Directions for this task → Scan the entries below, and for each line that includes the word "album", make a copy.

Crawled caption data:
※

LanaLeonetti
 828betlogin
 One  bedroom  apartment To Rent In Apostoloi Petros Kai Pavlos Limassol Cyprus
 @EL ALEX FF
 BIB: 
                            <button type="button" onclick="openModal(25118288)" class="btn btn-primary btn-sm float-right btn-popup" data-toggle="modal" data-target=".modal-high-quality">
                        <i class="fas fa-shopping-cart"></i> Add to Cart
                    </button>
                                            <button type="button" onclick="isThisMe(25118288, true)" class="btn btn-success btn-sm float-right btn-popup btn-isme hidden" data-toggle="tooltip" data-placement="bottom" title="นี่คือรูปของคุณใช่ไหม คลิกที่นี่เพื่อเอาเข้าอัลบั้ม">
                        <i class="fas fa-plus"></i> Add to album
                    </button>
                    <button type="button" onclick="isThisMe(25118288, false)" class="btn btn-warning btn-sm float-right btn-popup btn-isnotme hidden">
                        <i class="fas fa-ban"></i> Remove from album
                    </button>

※

Completed exercise →
                        <i class="fas fa-plus"></i> Add to album
                        <i class="fas fa-ban"></i> Remove from album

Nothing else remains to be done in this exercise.